PROBLEM REQUIREMENTS:
Nothing but the lines from the first line of the material below through the line that holds "Прошлое — это" should be set down, exactly and with pictures left out.

.....

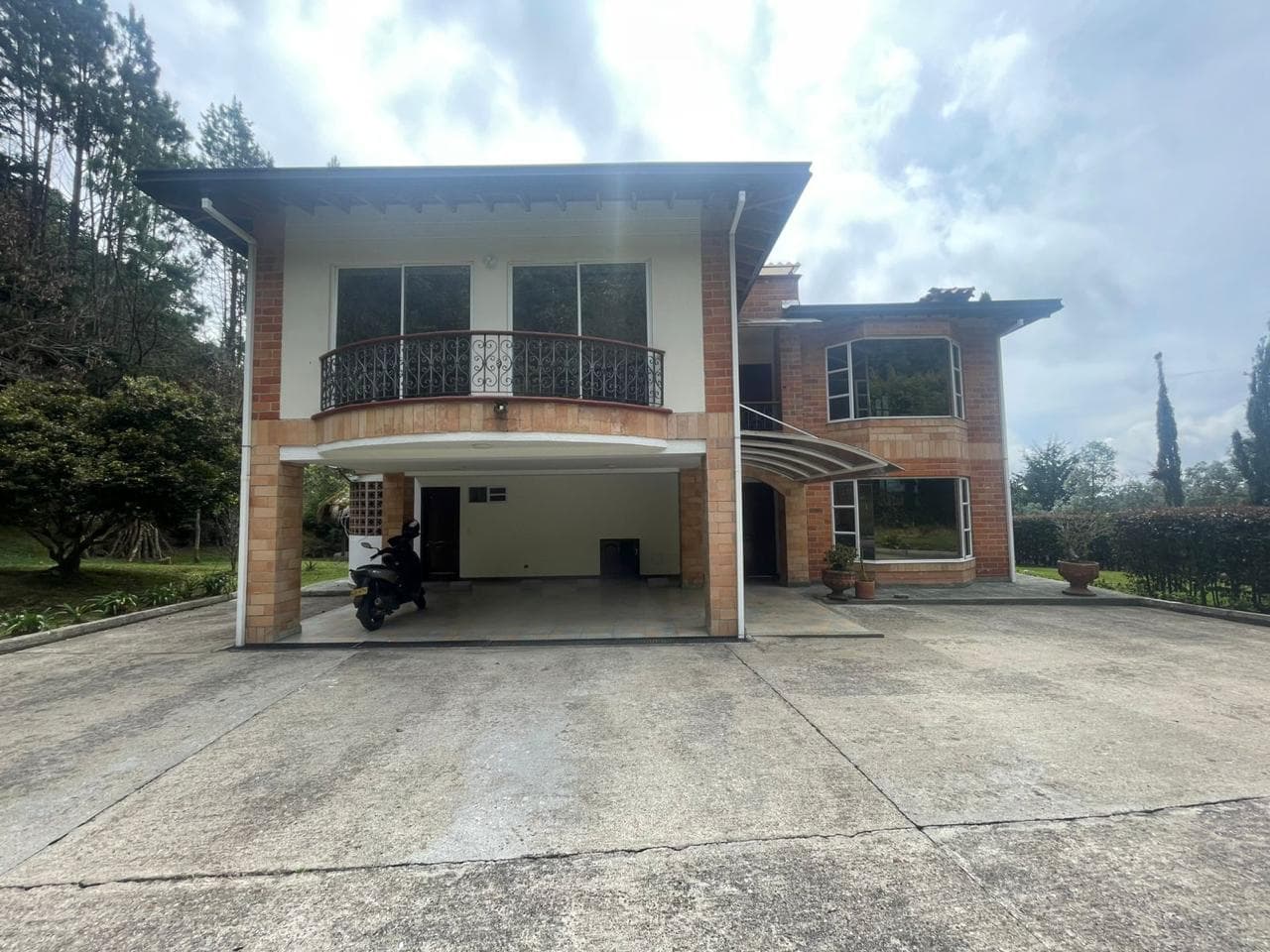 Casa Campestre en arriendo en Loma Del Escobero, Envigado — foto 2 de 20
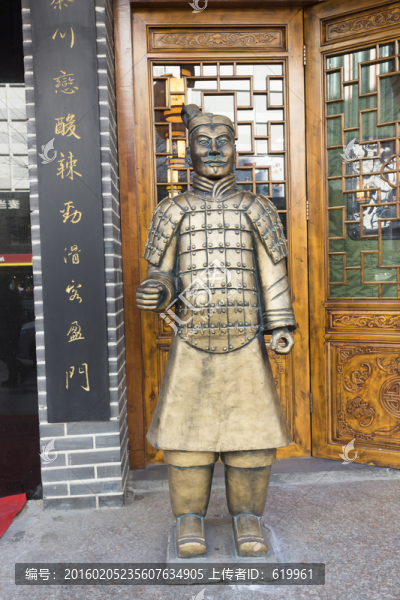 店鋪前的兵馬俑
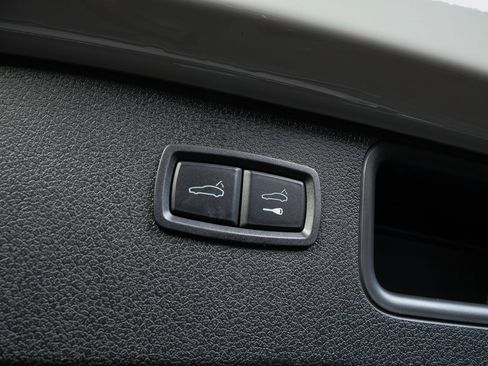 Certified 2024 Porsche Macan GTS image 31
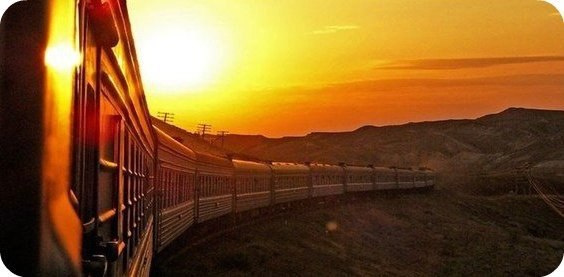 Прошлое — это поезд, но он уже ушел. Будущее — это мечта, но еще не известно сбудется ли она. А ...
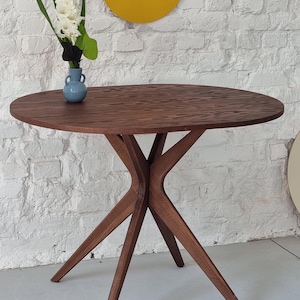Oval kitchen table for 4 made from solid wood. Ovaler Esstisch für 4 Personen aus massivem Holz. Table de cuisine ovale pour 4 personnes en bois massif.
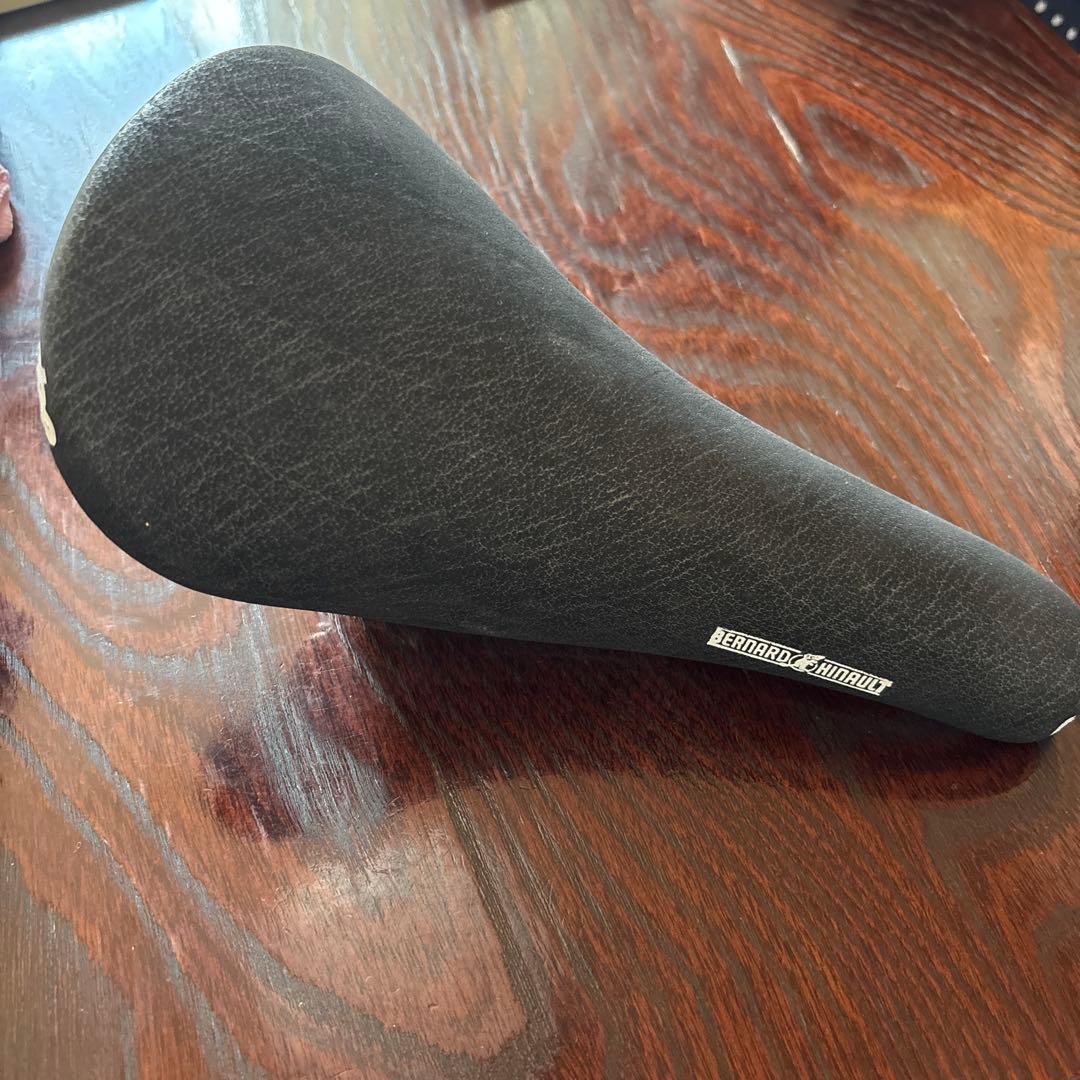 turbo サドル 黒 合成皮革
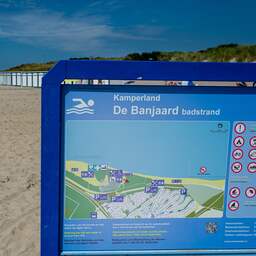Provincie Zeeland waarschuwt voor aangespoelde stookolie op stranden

.....

SOLUTION TO THIS PROBLEM:
 Casa Campestre en arriendo en Loma Del Escobero, Envigado — foto 2 de 20
 店鋪前的兵馬俑
 Certified 2024 Porsche Macan GTS image 31
 Прошлое — это поезд, но он уже ушел. Будущее — это мечта, но еще не известно сбудется ли она. А ...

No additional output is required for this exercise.